Os desafios e as alegrias da tradução por Silvia Massimini Felix

Silvia Massimini Felix - Publicado na categoria Entrevistas em 11/10/2023


Silvia Massimini Felix é formada em Língua e Literatura Espanhola e Italiana pela Universidade de São Paulo, e mestre em Literatura Espanhola pela mesma instituição, com uma dissertação cujo objetivo foi traduzir e analisar duas novelas exemplares de Cervantes.


Ela trabalha como tradutora de espanhol e italiano e preparadora de textos para diversas editoras. Nos últimos anos, vem se dedicando à tradução de escritoras contemporâneas latino-americanas, como a equatoriana Mónica Ojeda, autora de Mandíbula e Voladoras, e a mexicana Cristina Rivera Garza, que assina O invencível verão de Liliana, títulos publicados pela Autêntica Contemporânea.


Nesta entrevista, que faz parte da campanha Traduzir Mundos, que tem o objetivo de destacar e valorizar o ofício do tradutor, Silvia compartilha detalhes de sua rotina e o seu sentimento afetuoso em relação à tradução. Confira:


Quando você começou a traduzir e como escolheu essa profissão?

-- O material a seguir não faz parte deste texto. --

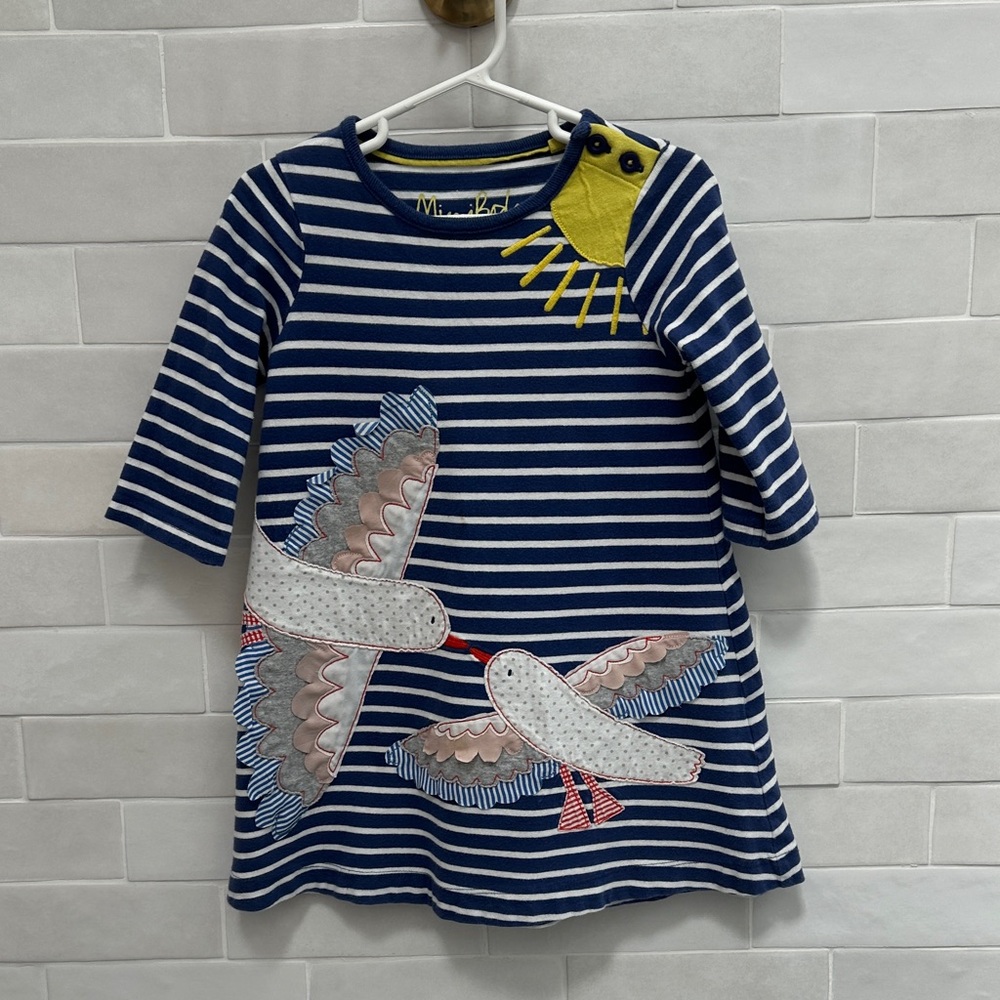 Mini Boden Navy and White Striped Dress with Yellow Sun and Bird Appliqués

Comecei a me interessar por tradução literária durante a graduação da faculdade de língua espanhola, e, terminada a faculdade (2001), uni dois grandes interesses – literatura e tradução – e dei prosseguimento aos estudos no mestrado em literatura, em que me debrucei sobre a tradução de duas novelas exemplares de Cervantes, O casamento enganoso e O colóquio dos cães. A partir do instante em que comecei a estudar mais sobre tradução e a me envolver com o texto trabalhado, cada vez fui me apaixonando mais por todo o processo tradutório e encontrei aquilo a que realmente gostaria de me dedicar como profissão.

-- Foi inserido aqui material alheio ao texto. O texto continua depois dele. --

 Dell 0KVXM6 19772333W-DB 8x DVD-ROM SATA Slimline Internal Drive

Qual livro representou o maior desafio para você e por quê?

Acredito que todas as obras traduzidas apresentam, em maior ou menor grau, algum tipo de desafio: recriar na nossa língua um texto escrito em outra – às vezes de uma época e cultura bem distantes da nossa – requer um exercício de deslocamento em direção ao outro, ao desconhecido, e este é um processo desafiador e ao mesmo tempo enriquecedor. Os livros que mais me desafiaram, e desafiam, nessa trajetória tradutória são aqueles que trabalham intensamente a linguagem e a estrutura narrativa, obras que não pensam apenas em contar uma história, mas também em como contarão essa história. Um grande desafio de tradução para mim foi o livro Museu do romance da Eterna, do argentino Macedonio Fernández, uma obra em grande medida experimental, justamente por esse intenso trabalho formal e linguístico.

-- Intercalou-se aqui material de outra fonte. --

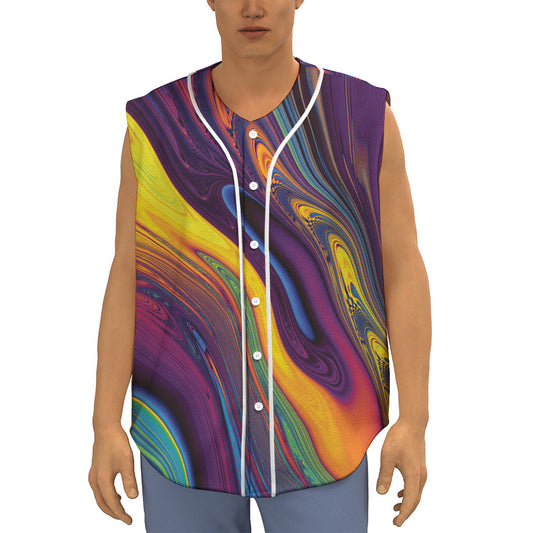 Psychedelic Trippy Fractal Print Sleeveless Baseball Jersey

O que te dá mais alegria em uma tradução?

Acho que a jornada da tradução em si, o percurso que vamos fazendo desse ponto de partida que é o texto original para chegar a uma nova criação na nossa língua. É muito gratificante ir construindo, ou reconstruindo, uma história e chegar ao final dela com a sensação de “dever cumprido”, de ter conseguido recriar, com nossas palavras, um texto o mais próximo possível do original.


Qual é seu processo de trabalho?

É um processo um tanto caótico (um caótico organizado, eu diria!). Raras vezes leio todo o livro que irei traduzir antes de começar a tradução propriamente; gosto das surpresas que o livro vai me apresentando. Minha primeira versão, portanto, é sempre muito falha e cheia de lacunas e marcações. Depois dessa primeira versão do trabalho, vem a parte de lapidação do texto: a segunda e terceira leituras para chegar a um resultado o mais satisfatório possível.


Você lê o livro traduzido depois de publicado? Você já se deparou com algum erro ou escolha que considerou inadequada depois de um tempo?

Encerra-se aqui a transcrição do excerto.